パーフェクトマン 完全犯罪のたくのレビュー・感想・評価

3.6
芽の出ない小説家志望の男が他人の手記を盗用して人気作家となる話で、なかなか面白かった。邦題に「完全犯罪」って付いてて、計画性の無い行き当たりばったりの展開にどこが完全犯罪なんだって思いながら観てたんだけど、ラストでなるほどってなった。

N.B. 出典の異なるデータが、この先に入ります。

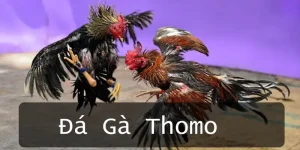 Đá gà Thomo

自作の小説が一向に売れず、運送業をしながら欝々と暮らしてるマチューが、孤独死した老人の遺品整理の仕事中に彼のアルジェリア出兵時代の日記を見つけ、それを丸ごと盗用して自作小説として出版しちゃう(なんか「イエスタデイ」みたい)。これが売れに売れて天才作家扱いされ、憧れの女性も手に入れたマチューが、当然のことながら次作が書けないまま3年過ぎる。ここまではまあまあありがちな展開なんだけど、老人のアルジェリア出兵時代を知る知人が登場し、金を払わなければ真相をバラすとマチューをゆすっていくあたりからジワジワ怖くなってくる。ここからマチューが自身の望まぬ犯罪を犯さざるを得なくなっていくのがちょっと「ファーゴ」みたいで、どうしたってバッドエンドを予想するんだけど、意外なラストがやってくる。なるほど彼はパーフェクトマン(原題は「理想の人」)のまま人々の記憶の中で美化されるというわけね。

中盤で吹っ切れたマチューが急に目覚めたように次作を書き上げて、おそらくこれは傑作だったんだろうけど、それを生み出す源泉となったのは自ら犯した殺人だったというのが皮肉。つまり本作は「創作に伴う狂気」を、犯罪を犯すことで傑作を生むという倒錯した行為として表現してるんだと思った。これは「ミッドナイトクロス」にも通ずる。マチュー役のピエール・ニネは今年ベスト級の傑作「ブラックボックス:音声分析捜査」で主演を務めてて、そこでの役名もマチューだったね。あと本作の監督であるヤン・ゴスランは「ブラックボックス」も監督してたんだ。